BVerwG: Versagung der Promotionszulassung wegen strafrechtlicher Verurteilung nur bei Wissenschaftsbezug
Das BVerwG hat mit Urteil vom 30.09.2015 – 6 C 45.14 eine für das juristische Staatsexamen relevante Entscheidung getroffen. Demnach kann eine Universität die Zulassung zum Promotionsverfahren wegen einer strafgerichtlichen Verurteilung des Antragstellers nur dann ablehnen, wenn die begangene Straftat eine wissenschaftsbezogene Verfehlung darstellt.
Viele Universitäten verlangen zur Zulassung zur Promotion die Vorlage eines polizeilichen Führungszeugnisses. Im vorliegenden Fall tauchte eine Verurteilung des Antragsstellers wegen sexueller Nötigung zu 1 1/2 Jahren Freiheitsstrafe auf Bewährung noch nicht im Bundeszentralregister auf, so dass die Universtität in Unkenntnis dieses Umstands den ASt. promovierte. Später entzog sie den verliehenen Doktorgrad, da der spätere Kläger über wesentliche Zulassungsvoraussetzungen getäuscht habe, indem er die im polizeilichen Führungszeugnis fälschlich nicht eingetragene Vorstrafe nicht offengelegt habe.

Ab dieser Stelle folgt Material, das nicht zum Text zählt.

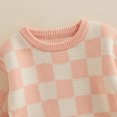 thumbnail image 4 of Okbabeha Toddler Baby Sweater Boy Girl Knit Sweaters Pullover Checkerboard Crewneck Sweatshirt Warm Winter Clothes, 4 of 7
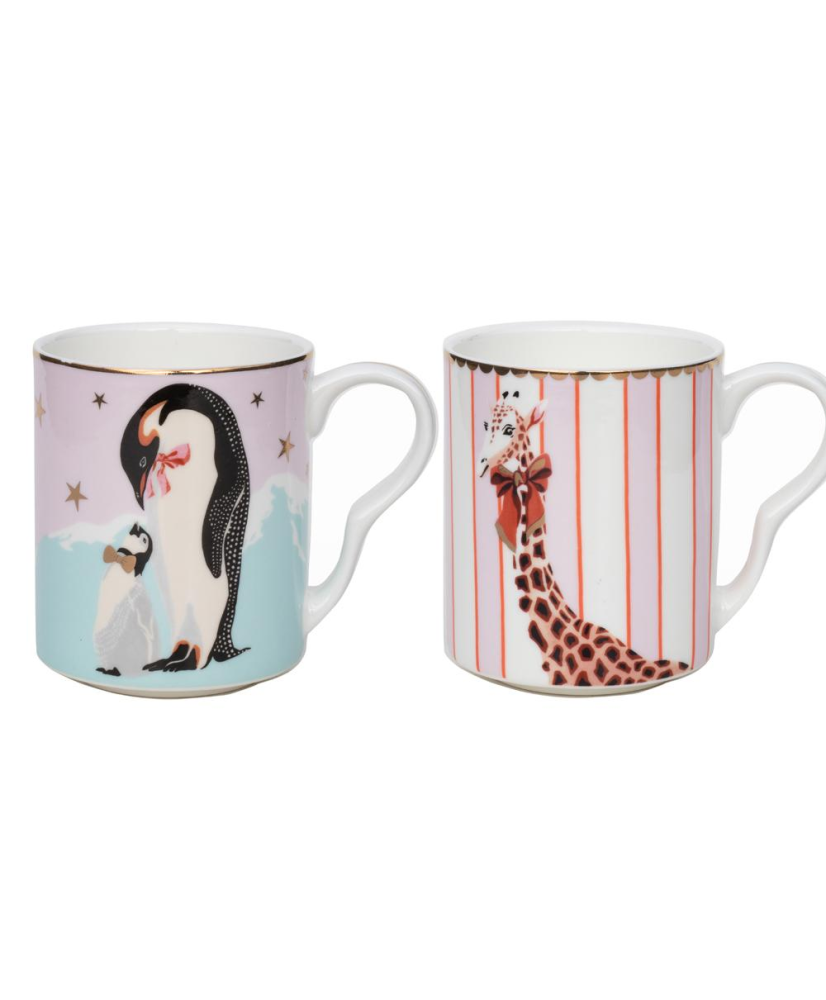 Set 2 mug PINGUINO E GIRAFFA XMAS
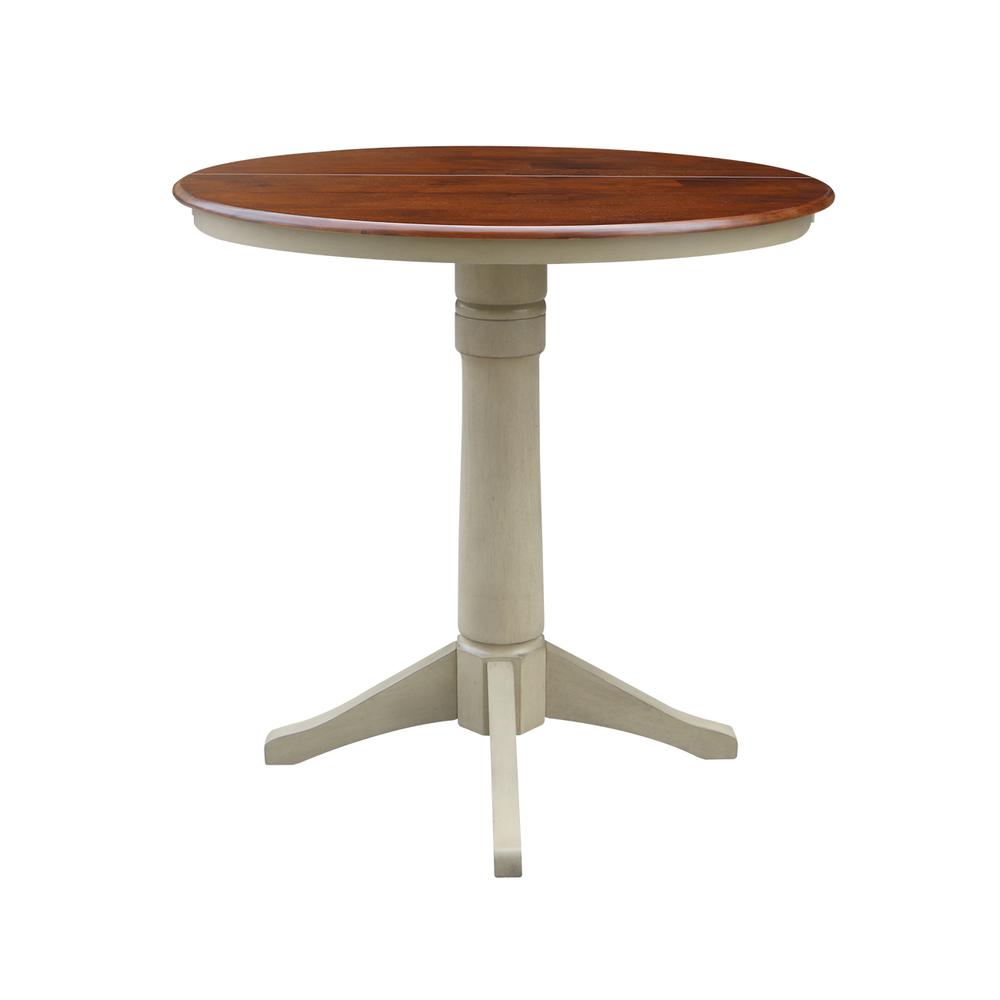 36" Round Top Pedestal Table With 12" Leaf - 28.9"H - Dining Height, Antiqued Almond/Espresso. Picture 42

Für die Prüfung dieses Falls sollte sich die gedankliche Reihenfolge klar gemacht werden: Eine zulassungsrelevante Täuschung kann nur vorliegen, wenn die Universität wegen des verschwiegenen Umstands die Verleihung des Doktorgrads hätte versagen können. Hierzu stellt das BVerwG fest (der Pressemitteilung entnommen):
Eine strafgerichtliche Verurteilung kann als Grund, die Zulassung zur Promotion zu versagen, nur dann legitimer Weise herangezogen werden, wenn die Universität dadurch die Funktionsfähigkeit des Wissenschaftsprozesses sichern will. Das ist nur dort der Fall, wo die strafrechtlichen Verfehlungen einen unmittelbaren Bezug zu der mit dem Doktorgrad verbundenen fachlich-wissenschaftlichen Qualifikation haben.
Eine Regelung die eine Ablehnung einer Zulassung zur Promotion bereits vorsieht, wenn der Antragsteller strafgerichtlich verurteilt ist, ohne jedoch die Fälle näher einzugrenzen, in denen eine strafgerichtliche Verurteilung eine Zulassung zur Promotion ausschließen soll, ist danach unverhältnismäßig.
Für eine mündliche Prüfung sei auf die Parallelen zum „Fragerecht des Arbeitgebers“ hingewiesen. Hier geht die Rechtsprechung davon aus, dass eine Täuschung i.S.d. § 123 Abs. 1 BGB nur vorliege, wenn der Bewerber eine Frage falsch beantwortet, an deren Beantwortung der Arbeitgeber ein „berechtigtes, billigenswertes Interesse“ hat. Dies ist nur bei solchen Umständen der Fall, die Beschäftigungsbezug aufweisen. Für andere Fragen (bspw. nach persönlichen Vorlieben etc.) besteht für den Bewerber ein „Recht zur Lüge“ – ebenso wie der ASt. im Promotionsverfahren ein „Recht zum Verschweigen“ nicht eingetragener, aber auch nicht wissenschaftsbezogener Straftaten hat.